Todo, entonces, se torna inseguro: la relación puede romperse en cualquier momento. No tengo certeza de que el otro va a esforzarse seriamente en quererme, en acopiar las alegrías y superar los roces y conflictos del trato cotidiano: ¿por qué habría de hacerlo yo? No puedo bajar la guardia, relajarme, mostrarme de verdad como soy, no sea que mi pareja advierta defectos “insufribles” y decida que “hasta aquí llegaron las aguas”. Ante las dificultades que por fuerza han de surgir, la tentación de abandonar la empresa se presenta muy cercana, puesto que nada impide esa deserción.
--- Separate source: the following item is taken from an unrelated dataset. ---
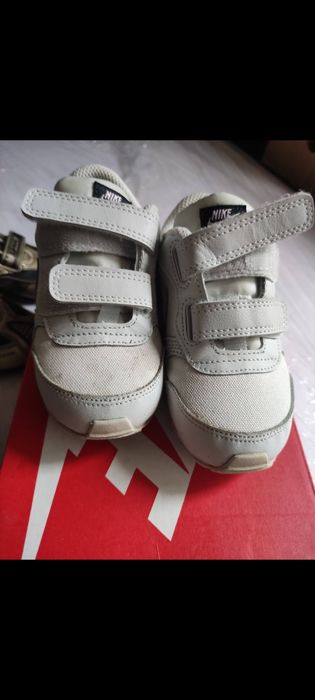 2 чифта маратонки Найк 26 номер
La simple convivencia crea un clima psíquico que hace peligrar el objetivo fundamental y entusiasmante del matrimonio: aumentar, intensificar y mejorar el amor y, con él, la felicidad.
¿Amor o “papeles”?
Todo lo cual parece avalar la afirmación de que “lo importante” es quererse. ¡Y es que es verdad!
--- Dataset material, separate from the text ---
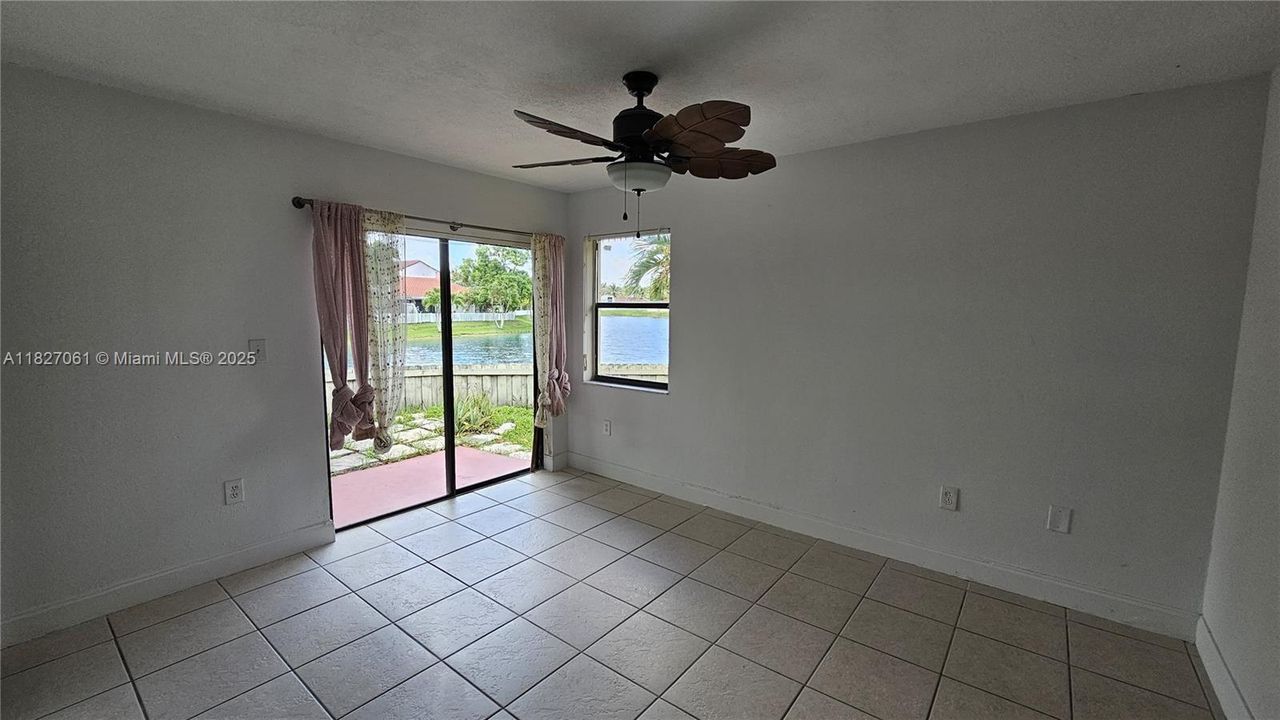 For Sale: $299,000 (3 beds, 2 baths, 1125 Square Feet)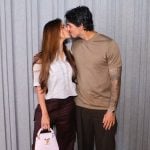 Pombinhos! Medina posa aos beijos com Isabella Arantes, sua nova namorada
El amor es efectivamente lo importante. No hay que tener miedo
a esta idea. Pero ya he explicado que no puede haber amor cabal
sin donación mutua y exclusiva, sin casarse.
Los papeles, el reconocimiento social, no son de ningún modo lo importante; pero, en cuanto confirmación externa de la mutua entrega, resultan imprescindibles.
¿Por qué?
Desde el punto de vista social, porque mi matrimonio tiene repercusiones civiles claras, que aumentan todavía más con la llegada de los hijos: la familia compone —o debería componer— la clave del ordenamiento jurídico y el fundamento de la salud de una sociedad; es indispensable, por tanto, que quede constancia de que otra persona y yo hemos decidido cambiar de estado y crear una nueva familia.
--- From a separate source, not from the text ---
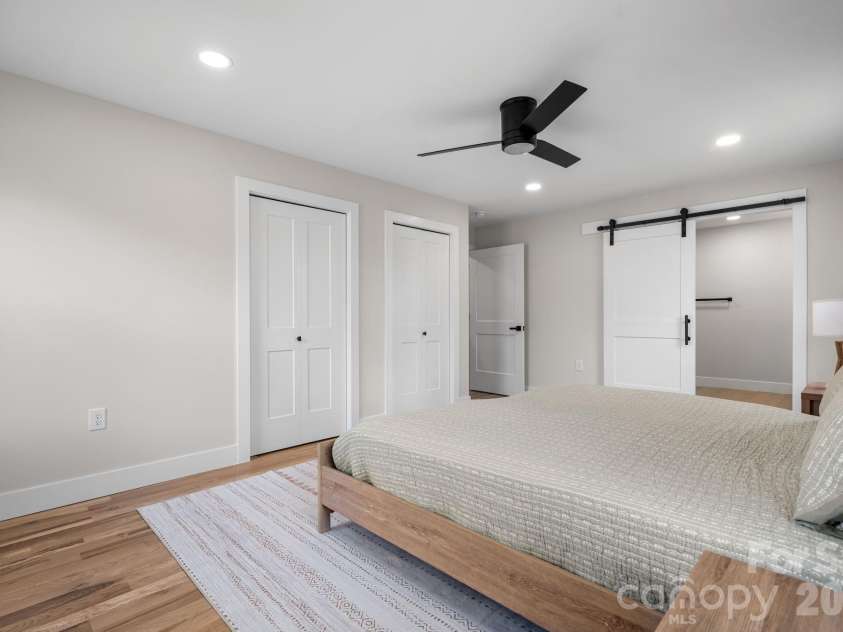 715 Sunridge Drive, Lincolnton, NC 28092.  MLS# CAR4357700, YatesRealty ID 13210.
Pero, sobre todo, la dimensión pública del matrimonio, la ceremonia religiosa y civil, la fiesta con familiares y amigos, las participaciones del acontecimiento, anuncios en los medios —¡superguay, si puede ser en la tele!—… todo deriva de la enorme relevancia que lo que están llevando a cabo tiene para los cónyuges. Si eso va a cambiar radicalmente mi vida, a hacerla mejor, si me va a permitir algo que es una auténtica y maravillosa aventura, me gustará que todos o, al menos, los auténticos amigos lo sepan: igual que pregono con bombo y platillo las restantes buenas noticias.
Igual, no.
Mucho más, porque no hay nada comparable a casarse: me pone en una situación inigualable para crecer interiormente, para ser mejor persona y tremendamente feliz (el que no se lo crea… que haga la prueba en serio).
¿Cómo no difundir, entonces, mi alegría?
¿Anticipar el futuro?
Es verdad que, a la vista de lo expuesto, bastantes se preguntan: ¿cómo puedo yo comprometerme a algo para toda la vida, si no sé lo que ésta me deparará?, ¿cómo puedo tener certeza de que elijo bien a mi pareja?
Se trata de una pregunta típica de los dos últimos siglos,
en los que el afán de seguridad se ha desbordado más allá de
lo propiamente humano —a veces con repercusiones psíquicas,
incluso graves— y, a pesar de las proclamas en contra,
de manera inversa al aprecio real por la libertad, que
siempre lleva consigo algo de riesgo.
Y la única respuesta posible, la que doy siempre que me hacen públicamente esta pregunta es: “de ningún modo”, “no hay ninguna manera de saberlo”, “el futuro es… el futuro”: indefinible por naturaleza, con el permiso de los “adivinadores de turno”, aunque son ya tantos que lo del turno es más bien utópico: se nos cuelan por todos lados y a todas horas.
A lo que suelo añadir, antes de que desaparezca el auditorio, que para eso está el noviazgo: un período muy aprovechable, que ofrece la oportunidad de conocerse mutuamente y empezar a entrever cómo se desarrollará la vida en común.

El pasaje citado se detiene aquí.